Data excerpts
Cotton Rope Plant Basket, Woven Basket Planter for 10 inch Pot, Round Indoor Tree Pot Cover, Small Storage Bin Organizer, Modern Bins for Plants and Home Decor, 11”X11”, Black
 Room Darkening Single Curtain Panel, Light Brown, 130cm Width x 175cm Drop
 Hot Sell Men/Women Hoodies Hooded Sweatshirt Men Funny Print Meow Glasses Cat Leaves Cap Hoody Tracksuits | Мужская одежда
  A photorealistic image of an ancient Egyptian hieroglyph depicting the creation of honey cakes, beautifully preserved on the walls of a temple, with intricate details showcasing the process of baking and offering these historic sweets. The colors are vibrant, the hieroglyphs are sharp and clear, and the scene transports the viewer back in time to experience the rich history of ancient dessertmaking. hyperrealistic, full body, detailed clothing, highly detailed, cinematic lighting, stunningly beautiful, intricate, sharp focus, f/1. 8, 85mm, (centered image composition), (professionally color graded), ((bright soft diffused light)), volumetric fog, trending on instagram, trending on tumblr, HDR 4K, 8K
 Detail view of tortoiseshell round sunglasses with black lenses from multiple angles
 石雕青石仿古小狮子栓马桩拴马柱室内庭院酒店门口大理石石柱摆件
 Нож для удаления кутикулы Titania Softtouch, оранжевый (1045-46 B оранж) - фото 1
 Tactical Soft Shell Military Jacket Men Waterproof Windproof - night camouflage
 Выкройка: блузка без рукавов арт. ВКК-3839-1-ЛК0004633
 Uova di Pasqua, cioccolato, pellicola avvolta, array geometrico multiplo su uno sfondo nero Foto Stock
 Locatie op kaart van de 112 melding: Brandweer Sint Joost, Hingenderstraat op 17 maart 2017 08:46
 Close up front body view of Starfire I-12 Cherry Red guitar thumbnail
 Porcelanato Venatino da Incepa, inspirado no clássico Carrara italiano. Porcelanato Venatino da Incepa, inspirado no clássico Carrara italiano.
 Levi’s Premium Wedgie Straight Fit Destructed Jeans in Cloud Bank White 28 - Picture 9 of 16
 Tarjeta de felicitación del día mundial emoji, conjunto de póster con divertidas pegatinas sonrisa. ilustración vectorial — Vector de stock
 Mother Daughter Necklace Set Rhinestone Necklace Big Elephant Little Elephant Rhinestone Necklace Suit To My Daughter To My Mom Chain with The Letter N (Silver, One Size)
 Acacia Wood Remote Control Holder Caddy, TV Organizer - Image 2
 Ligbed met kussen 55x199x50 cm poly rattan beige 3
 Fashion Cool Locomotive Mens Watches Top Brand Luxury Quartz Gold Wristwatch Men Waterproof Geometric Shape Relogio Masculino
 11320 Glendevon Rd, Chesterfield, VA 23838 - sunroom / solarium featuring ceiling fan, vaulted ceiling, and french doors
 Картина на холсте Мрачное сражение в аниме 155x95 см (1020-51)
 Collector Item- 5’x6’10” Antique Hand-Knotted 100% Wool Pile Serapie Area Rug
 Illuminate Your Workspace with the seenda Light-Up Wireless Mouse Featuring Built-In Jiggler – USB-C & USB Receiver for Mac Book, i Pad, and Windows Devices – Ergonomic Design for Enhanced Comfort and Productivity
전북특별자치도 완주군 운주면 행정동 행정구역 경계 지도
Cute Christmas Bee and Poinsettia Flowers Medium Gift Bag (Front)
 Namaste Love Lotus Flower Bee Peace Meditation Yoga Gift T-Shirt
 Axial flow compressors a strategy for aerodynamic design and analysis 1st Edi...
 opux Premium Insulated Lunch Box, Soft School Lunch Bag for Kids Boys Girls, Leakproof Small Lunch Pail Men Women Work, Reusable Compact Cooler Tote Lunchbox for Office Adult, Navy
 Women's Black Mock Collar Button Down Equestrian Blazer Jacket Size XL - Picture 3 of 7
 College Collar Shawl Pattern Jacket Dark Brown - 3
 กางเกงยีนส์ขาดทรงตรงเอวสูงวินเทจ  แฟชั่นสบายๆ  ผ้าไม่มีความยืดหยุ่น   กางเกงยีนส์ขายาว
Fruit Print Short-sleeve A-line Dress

What you are asked to do:
Every record above is to be copied out again exactly as written.

Solution to the problem:
Cotton Rope Plant Basket, Woven Basket Planter for 10 inch Pot, Round Indoor Tree Pot Cover, Small Storage Bin Organizer, Modern Bins for Plants and Home Decor, 11”X11”, Black
 Room Darkening Single Curtain Panel, Light Brown, 130cm Width x 175cm Drop
 Hot Sell Men/Women Hoodies Hooded Sweatshirt Men Funny Print Meow Glasses Cat Leaves Cap Hoody Tracksuits | Мужская одежда
  A photorealistic image of an ancient Egyptian hieroglyph depicting the creation of honey cakes, beautifully preserved on the walls of a temple, with intricate details showcasing the process of baking and offering these historic sweets. The colors are vibrant, the hieroglyphs are sharp and clear, and the scene transports the viewer back in time to experience the rich history of ancient dessertmaking. hyperrealistic, full body, detailed clothing, highly detailed, cinematic lighting, stunningly beautiful, intricate, sharp focus, f/1. 8, 85mm, (centered image composition), (professionally color graded), ((bright soft diffused light)), volumetric fog, trending on instagram, trending on tumblr, HDR 4K, 8K
 Detail view of tortoiseshell round sunglasses with black lenses from multiple angles
 石雕青石仿古小狮子栓马桩拴马柱室内庭院酒店门口大理石石柱摆件
 Нож для удаления кутикулы Titania Softtouch, оранжевый (1045-46 B оранж) - фото 1
 Tactical Soft Shell Military Jacket Men Waterproof Windproof - night camouflage
 Выкройка: блузка без рукавов арт. ВКК-3839-1-ЛК0004633
 Uova di Pasqua, cioccolato, pellicola avvolta, array geometrico multiplo su uno sfondo nero Foto Stock
 Locatie op kaart van de 112 melding: Brandweer Sint Joost, Hingenderstraat op 17 maart 2017 08:46
 Close up front body view of Starfire I-12 Cherry Red guitar thumbnail
 Porcelanato Venatino da Incepa, inspirado no clássico Carrara italiano. Porcelanato Venatino da Incepa, inspirado no clássico Carrara italiano.
 Levi’s Premium Wedgie Straight Fit Destructed Jeans in Cloud Bank White 28 - Picture 9 of 16
 Tarjeta de felicitación del día mundial emoji, conjunto de póster con divertidas pegatinas sonrisa. ilustración vectorial — Vector de stock
 Mother Daughter Necklace Set Rhinestone Necklace Big Elephant Little Elephant Rhinestone Necklace Suit To My Daughter To My Mom Chain with The Letter N (Silver, One Size)
 Acacia Wood Remote Control Holder Caddy, TV Organizer - Image 2
 Ligbed met kussen 55x199x50 cm poly rattan beige 3
 Fashion Cool Locomotive Mens Watches Top Brand Luxury Quartz Gold Wristwatch Men Waterproof Geometric Shape Relogio Masculino
 11320 Glendevon Rd, Chesterfield, VA 23838 - sunroom / solarium featuring ceiling fan, vaulted ceiling, and french doors
 Картина на холсте Мрачное сражение в аниме 155x95 см (1020-51)
 Collector Item- 5’x6’10” Antique Hand-Knotted 100% Wool Pile Serapie Area Rug
 Illuminate Your Workspace with the seenda Light-Up Wireless Mouse Featuring Built-In Jiggler – USB-C & USB Receiver for Mac Book, i Pad, and Windows Devices – Ergonomic Design for Enhanced Comfort and Productivity
전북특별자치도 완주군 운주면 행정동 행정구역 경계 지도
Cute Christmas Bee and Poinsettia Flowers Medium Gift Bag (Front)
 Namaste Love Lotus Flower Bee Peace Meditation Yoga Gift T-Shirt
 Axial flow compressors a strategy for aerodynamic design and analysis 1st Edi...
 opux Premium Insulated Lunch Box, Soft School Lunch Bag for Kids Boys Girls, Leakproof Small Lunch Pail Men Women Work, Reusable Compact Cooler Tote Lunchbox for Office Adult, Navy
 Women's Black Mock Collar Button Down Equestrian Blazer Jacket Size XL - Picture 3 of 7
 College Collar Shawl Pattern Jacket Dark Brown - 3
 กางเกงยีนส์ขาดทรงตรงเอวสูงวินเทจ  แฟชั่นสบายๆ  ผ้าไม่มีความยืดหยุ่น   กางเกงยีนส์ขายาว
Fruit Print Short-sleeve A-line Dress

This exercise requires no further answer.